Wednesday, April 24, 2013

The Home Beautiful: The Burges Washstand, 1879



Washstand
William Burges, 1879
This and all related images from the Victoria & Albert Museum


Celebrated designer William Burges (1827-1881) vehemently disliked the style of Georgian furniture of the Eighteenth and early Nineteenth Centuries.  As a designer, he sought only to introduce what he considered a more appealing style.  This washstand, designed by Burges, typifies his ideals.

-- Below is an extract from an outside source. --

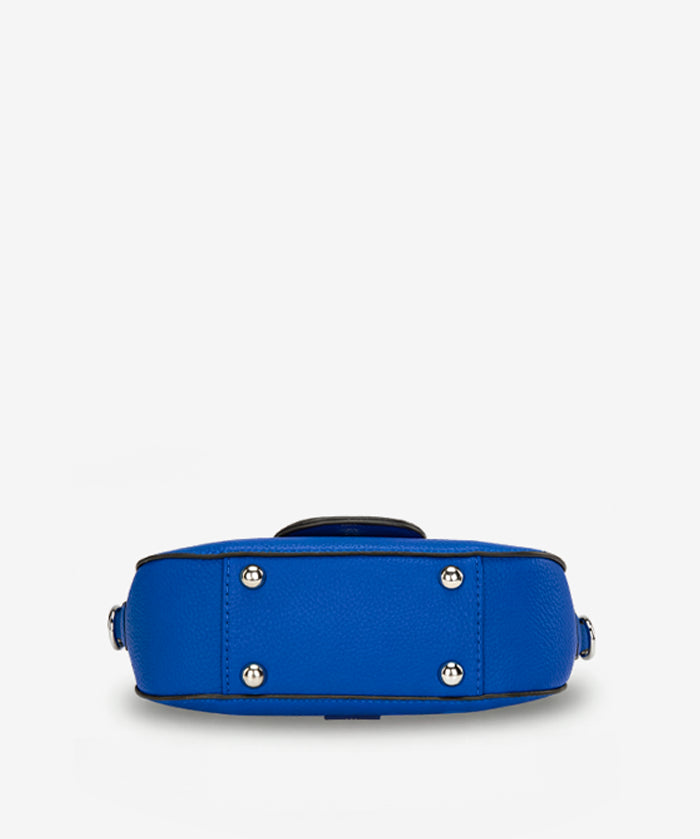 MLB Toronto Blue Jays Flap Crossbody Bag with Top Handle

The piece has been brightly painted and employs rich materials, complex fittings and references to literature and myth.  Despite the fanciful nature of the design, the washstand was perfectly functional with a water tank with a tap in the upper castellated section.  It is fitted with a marble basin which has been inlaid with silver fish motifs.  The basin is fitted with a tap in the form of a bronze animal and it swivels so that the dirty water can be tipped into a bucket in the cupboard below.

Burges called “The Tower House,” in Melbury Road, London, his home from 1878 until his death in 1881.  Always eager to surround himself with his preferred style, Burges designed every aspect of the house himself—with a façade in the Reformed Gothic style, and an interior which was decorated in the most elaborate fashion. He made this washstand specifically for the Guest Chamber, of which a visitor wrote, “The whole chamber is like an ancient shrine or reliquary.”

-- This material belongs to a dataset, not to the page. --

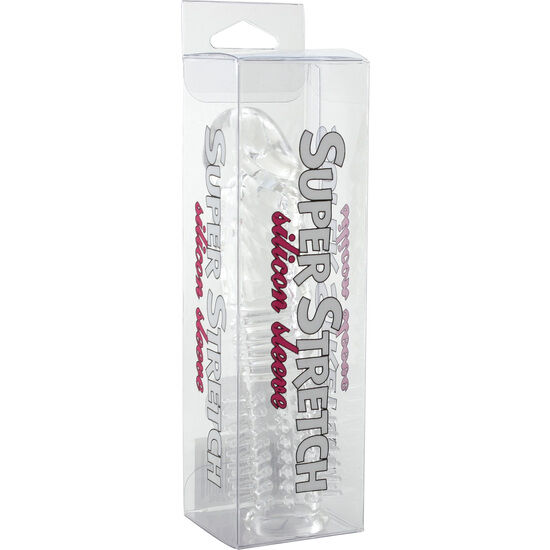 SEVEN CREATIONS - COPERTURA PER PENE IN SILICONE STRUTTURATO - immagine 2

Not only was William Burges an architect and designer of furniture, he put his creative energies to metalwork and jewelry. He famously worked on Cardiff Castle and Castell Coch, near Cardiff, in Wales.  He had a peculiar personal life—devoted to the study of medieval art and the collection of armor. He was described by the wife of a patron as “ugly Burges who designs lovely things.”